People ex rel. Boardman v. City of Butte

Wade, C. J.

The act incorporating the city of Butte provides, article TV, section 2 (Session Laws, 1879), *206as follows: “All citizens of the United States, and those who have declared their intention to become such, of twenty-one years of age, who shall be tax-paying householders, and who shall have been actual residents of said city three months preceding said election, shall be entitled to vote for city officers and the adoption of this charter.”

The validity of this act of incorporation is called in question principally for the reason that it limits and restricts the right to vote upon the proposition to adopt or to reject the charter to the tax-paying householders who shall have been actual residents of the city for three mouths preceding the election.

1. The organic act vests all legislative power of the territory in the governor and legislative assembly. The qualifications of voters and of officers (after the first election) are such as shall be prescribed by the legislature. The legislative power of the territory extends to all rightful subjects of legislation consistent with the constitution and the organic act of the territory. The power to make laws, limited only by the boundaries of the constitution and the organic act, resides with the legislature, and there it must remain. But it is no violation of the principle that the legislature may confer upon municipal organization certain powers of legislation concerning local regulation, for such municipal governments are mere auxiliaries to the state government in the business of municipal rule.

It is another well-settled principle that the legislature may create municipal organizations and governments upon its own motion, consulting only its own views as to the propriety or necessity of such action, and without the consent and against the protest of those upon whom such government is to take effect. Cooley’s Const. Lim. M3.

The theory of a government by the people is that they act through their representatives. They delegate their *207authority to their agents, who speak and act for them in making laws. The act of an agent, within the scope of his authority, binds the principal. Hence, laws enacted by a properly constituted legislature, within the scope of its authority, and not in conflict with the constitution or organic law, bind the people. They give their consent to laws by clothing their agents with power and authority to make them. There is no reserved power in the people to consent to or reject laws properly enacted by their lawfully constituted agents. If they object to the laws for the reason that they are not within the limits of the organic law, they may have that question determined in the proper tribunals; if they object to them because they are oppressive, or do not fulfil their expectations, they may elect new agents to alter or abolish them, and to enact others in their places.

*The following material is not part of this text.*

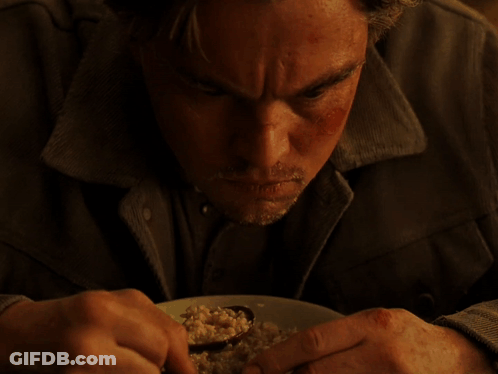 A Man With A Beard Is Eating A Plate Of Food With A Spoon GIF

It is within the competency of a territorial legislature to create municipal corporations. Its authority extends to all rightful subjects of legislation. It may provide municipal courts, although by the organic act it is declared that the judicial power of the territory shall be vested in a supreme court, district courts, probate courts and justices of the peace. 1 Dillon on Mun. Corp. sec. 18, citing State v. Young, 3 Kans. 445; Barnes v. Atchison, 2 id. 454; Reddick v. Aurelia, 1 Mo. 5; Vincennes University v. Indiana, 14 How. 268; Vance v. Bank, 1 Blackf. 80; Myers v. Bank, 20 Ohio, 283; Deitz v. City, 1 Cal. 323.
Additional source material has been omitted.